There are tales of the great ahau (king), Kʼinich Janaab Pakal or Pakal the Great, and his son using public art to give their mothers and grandmothers royal-level legitimacy, tales of strategic arranged marriages in Yaxchilán, tales of fantastic public ritual and spiritual planes of existence, innovations in warfare in Tikal and innovative governance in Chitzén Itzá, and the age of cities winking out of existence, of the written record going dark, of final bits of public art left unfinished mid-sentence...tales of Maya survivors reaching past this dark age to the European age of exploration, the last remnants of a lost world, of books being destroyed to encourage religious conversion.
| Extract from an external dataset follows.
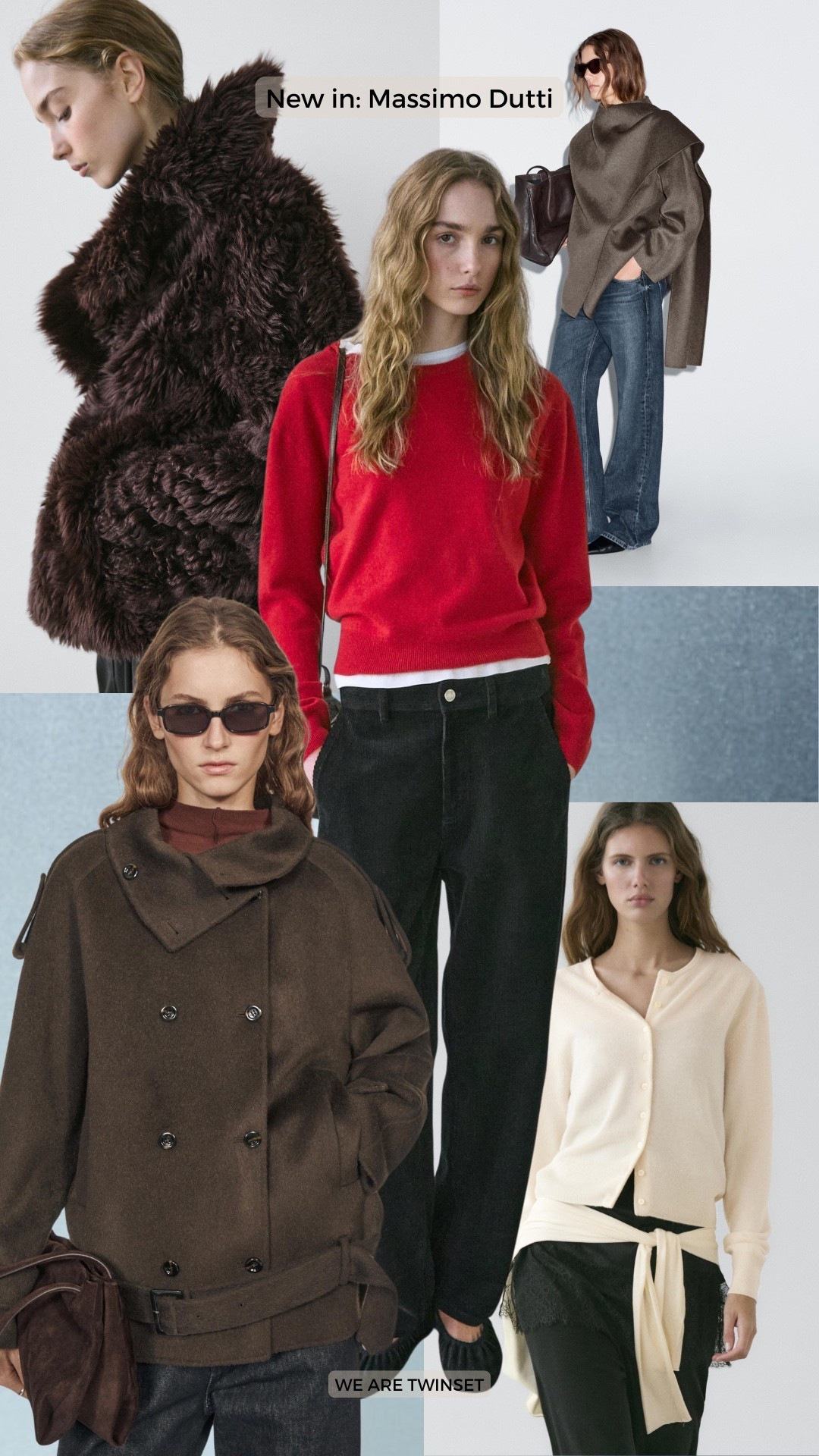 New in Massimo Dutti favourites 🫶🏻

#LTKwinter #LTKuk #LTKstyletip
And then to have modern Maya learn how to write like the ancients did, rekindling an ancient literacy...this whole book is worth the read. It is a mind-bending exploration.

I loved it. I want more.
informative slow-paced

I picked this up even though I learned from the index that Xunantunich, one of the only Mayan sites I've visited, was mentioned only once in a throwaway line. Of course, Mayan history is interesting enough to be read about by more than academics and tourists. 'A Forest of Kings' is a deceptively fat book, its last 150 pages are appendices and endnotes, and the main text is full of illustrations which makes it a much easier read than you might think. The authors are certainly academics, but they've made a really great effort to reduce technical details to a minimum and put the bulk of their evidence into the aforementioned appendices and footnotes.

I think they did too good of a job there. Every chapter has at least one or two vignettes of hypothetical situations drawn from the archaeological and linguistic record which makes for interesting reading but they are the product of so much well-imagined guesswork that I can't suppress my skepticism even after I've flipped to the back to read the notes for that page. 

The book is out of date, with almost all of the chapters referencing ongoing excavations and translation of findings, but the picture they present seemed fair-minded and, prose embellishments aside, firmly based on the evidence available to them and many of the illustrations are side-by-side simple translations of Mayan writing into English.

Reading this I understood why my professors had not assigned much reading on the history of the Maya, focusing on ecological impact instead, because there is, quite simply, a lot of one-sided historical data. With much of it, it is almost impossible to find a middle ground. There is this ~400 page treatment, and statements such as: "various small monarchic city-states exist in a state of near-constant warfare for 1000 years." A gross over-simplification, but if you want to get beyond that you're going to need to sit down and read 'A Forest of Kings', or a book of similar length.